Please Respond To This : According to our lesson this week, due diligence is “a procedure where the potential investor is fairly seriously considering working with you and needs to look at the key aspects of the business and may even call upon the expertise of their lawyers, accountants, business valuations specialists, and marketing specialists to assist in assessing the viability of this investment”. Due diligence is completed before a deal closes to provide the buyer with an assurance of what they’re getting.
Transactions that undergo a due diligence process offer higher chances of success. Due diligence contributes to making informed decisions by enhancing the quality of information available to decision makers.
Due diligence allows the buyer to feel more comfortable that his or her expectations regarding the transaction are correct. In purchasing a business without doing due diligence substantially increases the risk to the purchaser.
Due diligence is conducted to provide the purchaser with trust. However, due diligence may also benefit the seller, as going through the rigorous financial examination may, in fact, reveal that the fair market value of the seller’s company is more than what was initially thought to be the case.
Due diligence helps investors and companies understand the nature of a deal, the risks involved, and whether the deal fits with their portfolio. Essentially, undergoing due diligence is like doing “homework” on a potential deal and is essential to informed investment decisions.
I do not feel that McCarthy Cabins is just yet ready to meet the standards. There are many gaps that need to be filled in on Financials, legal issues, marketing strategies and others as the business begins to unfold and grow. We are currently still in the opening stages and must ensure we have all information on hand to answer any questions that could be thrown at the business. No one wants to end up like some of the Shark Tank examples. McCarthy Cabins still needs to undergo the taking of the formal business registration, licensing, and financial layout for the business. I don’t quite think we are ready for a due diligence evaluation.

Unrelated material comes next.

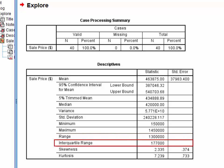However, the interquartile range, or the range in which 50% of houses sold, was just $177,000.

Please Respond To This: Due diligence is defined as an investigation of a potential investment (such as a stock) or product to confirm all facts. These facts can include such items as reviewing all financial records, past company performance, plus anything else deemed material. For individual investors, doing due diligence on a potential stock investment is voluntary, but recommended. Get College Homework Help
According to the due diligence my company is is meeting the standards because we evaluated all of the standards of what the company needs to be able to function on start-up to be able to start. But even though this says that we are ready I still think that we need to work on getting a few things under our belt before starting like understanding the concepts of some of the financials more. I see if we do not do this then we will not be able to make this venture happen. Even though a company can be ready on paper it doe not mean that the company is truly ready until the owner says they are ready to do this.